Thread: [GENERAL] Divert triggers on materialized views

[GENERAL] Divert triggers on materialized views

From
Ewen McNeill
Date:
PostgreSQL VIEWs have a useful feature where INSTEAD OF triggers can be 
defined to divert INSERT/DELETE/UPDATE actions into an underlying table 
(or other location), creating the effect of a "writeable view" (and I 
believe in more recent PostgreSQL versions this is pretty much automatic).

However MATERIALIZED VIEWs are implemented differently (effectively as 
TABLE storage with a saved SQL query used to REFRESH them), and it 
appears (at least in 9.5, but AFAICT from documentation through 10) no 
TRIGGERs at all can be created on MATERIALIZED VIEWs.  This makes 
MATERIALIZED VIEWs difficult to substitute for VIEWs in some instances.

In the situation I'm trying to help with:
(a) there's a "history" table which has tens of millions of rows of 
accumulated daily updates;

(b) there's a "today view" on the history table which shows the current 
data via some date range checks on the history table, working out to 
about 200k rows in the view

(c) there's a daily batch task that ingests the latest data, which has a 
couple of hundred thousand rows of "daily updates", which for legacy 
reasons is done via (diverted by triggers) actions on the "today view"

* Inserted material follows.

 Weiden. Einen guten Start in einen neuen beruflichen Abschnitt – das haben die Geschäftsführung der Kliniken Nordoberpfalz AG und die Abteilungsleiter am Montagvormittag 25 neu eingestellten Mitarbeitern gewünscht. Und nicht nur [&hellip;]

and they've reported that over time their "dashboards" of reports 
against the "today view" have become slower, presumably as the 
underlying history table has grown.

Given that almost all of the changes happen in a daily batch update 
through an easily wrappable process (SFTP, process-on-upload), and the 
majority of the queries (but not all) are against the current data, 
turning that "today view" into a MATERIALIZED VIEW seems like an obvious 
win... except that it breaks the ability to use divert (INSTEAD OF) 
TRIGGERs which then means a larger application rewrite.

Unfortunately the dashboard/reporting front end now has the name of the 
VIEW hardcoded all over the place (changeable only by one-at-a-time GUI 
point and click :-( ) so pointing the reporting tool at a different 
MATERIALIZED VIEW does not seem like a realistic option.

Is it likely that TRIGGERs, especially INSTEAD OF triggers, would be 
supported on MATERIALIZED VIEWs in some later version of PostgreSQL in a 
similar manner to (non-MATERIALIZED) VIEWs?  Ideally 9.6/10, but even 
being on a todo list would be useful.

Alternatively does anyone have any idea of any minimal change 
rearrangement of TABLEs/VIEWs/TRIGGERs that might achieve the same 
effect without requiring much of the application to be rewritten?

The only one that comes to my mind is to make the "today view" an actual 
table, with AFTER TRIGGERs on it that mirrors the same action into the 
"history table" -- which would require recreating all the TRIGGERs, and 
the VIEWs that hook into that "daily" view, but otherwise superficially 
seems plausible.  It stores the data twice, but so does a MATERIALIZED 
VIEW, and the daily view data is relatively small.  (It would also 
require a audit for anything that manipulates the history table 
directly, but from a quick look I think most things rely on the existing 
INSTEAD OF triggers on the view....)

Ewen


PS: It also appears that INSTEAD OF triggers are not supported on 
TABLEs, although this has been discussed a few times before, eg

https://www.postgresql.org/message-id/1305138588.8811.3.camel@vanquo.pezone.net
https://www.postgresql.org/message-id/20150401160440.GD583%40awork2.anarazel.de

and this might be part of why they're not supported on MATERIALIZED VIEWs.


-- 
Sent via pgsql-general mailing list (pgsql-general@postgresql.org)
To make changes to your subscription:
http://www.postgresql.org/mailpref/pgsql-general

Re: [GENERAL] Divert triggers on materialized views

From
Brent Wood
Date:

Hi Ewen,

My advice would be to use table partitions... split your history table up into (maybe annual)? partitions, have these inherited into a parent table, which becomes your new "history table" (perhaps instead of a view?)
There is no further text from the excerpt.